Si ce suivi de travaux n’a peut-être pas été à la hauteur de nos espérances notamment pour les occupations gauloises, il a toutefois permis de conforter certaines observations anciennes et d’élargir nos pistes de réflexion. Les données observées sur la rue du 4 septembre ont, par exemple, permis de confirmer que nous nous trouvions probablement dans la première moitié du Ier siècle ap. J.-C. en marge de l’occupation antique, les fossés mis au jour servant vraisemblablement à drainer cette zone humide. Ces hypothèses avaient notamment été émises par David Lallemand lors des travaux réalisés, mitoyens à cette fouille, rues de l’Hôtel de Ville, Place du Bicentenaire, et Victor Hugo en 1998. Ce dernier avait mis au jour en revanche, entre la rue du 4 septembre et la rue Claude Labonde, ce qui semblait être l’établissement avant la seconde moitié du IIe siècle J.-C d’un riche édifice au sein d’une division urbaine en insulae marqué par la présence de chaussées. Aucune trace de cette organisation spatiale n’a été observée lors de notre intervention rue du 4 septembre. Ces vestiges ont-ils été détruits par les deux mètres de remblais contemporains ? Sommes-nous en marge du secteur de l’agglomération pour cette période, qui se développerait plutôt vers le sud-est à l’emplacement de la ville franche médiévale ?

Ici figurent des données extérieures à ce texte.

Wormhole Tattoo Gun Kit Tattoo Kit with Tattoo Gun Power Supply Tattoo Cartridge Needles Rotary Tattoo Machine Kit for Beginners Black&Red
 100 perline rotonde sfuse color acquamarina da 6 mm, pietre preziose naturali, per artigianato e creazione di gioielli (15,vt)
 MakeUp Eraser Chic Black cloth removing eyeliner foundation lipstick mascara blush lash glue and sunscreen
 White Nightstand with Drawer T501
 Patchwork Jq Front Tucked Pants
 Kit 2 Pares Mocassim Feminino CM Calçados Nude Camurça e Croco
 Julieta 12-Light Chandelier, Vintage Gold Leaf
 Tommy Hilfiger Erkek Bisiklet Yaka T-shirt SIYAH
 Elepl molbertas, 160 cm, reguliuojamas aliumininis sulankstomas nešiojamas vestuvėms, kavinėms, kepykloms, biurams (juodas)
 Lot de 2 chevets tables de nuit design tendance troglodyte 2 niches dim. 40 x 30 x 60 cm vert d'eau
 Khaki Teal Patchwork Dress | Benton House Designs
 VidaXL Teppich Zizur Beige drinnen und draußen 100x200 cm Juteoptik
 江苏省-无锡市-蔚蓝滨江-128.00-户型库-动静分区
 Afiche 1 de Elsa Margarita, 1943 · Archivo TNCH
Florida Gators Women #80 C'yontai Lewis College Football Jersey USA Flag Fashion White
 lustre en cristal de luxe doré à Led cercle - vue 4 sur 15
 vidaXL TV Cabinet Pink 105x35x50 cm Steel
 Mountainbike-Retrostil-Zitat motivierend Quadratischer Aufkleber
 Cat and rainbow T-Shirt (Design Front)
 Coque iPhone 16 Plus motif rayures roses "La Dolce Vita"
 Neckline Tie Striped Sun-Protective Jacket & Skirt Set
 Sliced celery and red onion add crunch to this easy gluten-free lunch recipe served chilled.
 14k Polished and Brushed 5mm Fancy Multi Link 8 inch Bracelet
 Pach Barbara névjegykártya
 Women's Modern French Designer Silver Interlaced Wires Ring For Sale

Difficile à l’heure actuelle de répondre à ces interrogations. En revanche, l’axe viaire mis en lumière rue Claude Labonde permettra de compléter les plans de la trame urbaine antique et pose également question. Sommes-nous en présence d’une rue participant à l’organisation spatiale de l’agglomération antique ou d’une voie desservant cette dernière ? Il est tentant de voir au travers de cette chaussée un axe fort, puisque ce dernier a perduré jusqu’à nos jours pour accueillir l’ancienne RN7. Il est même probable que cette chaussée ait servi d’axe principal au Moyen Âge central entre les deux pôles de concentration de l’habitat que sont la paroisse de Vouroux au nord et la ville franche au sud ; cette chaussée étant axée sur la porte nord de l’enceinte du XIVe siècle. Les études de mobilier en cours devront permettre de répondre à certains de nos questionnements.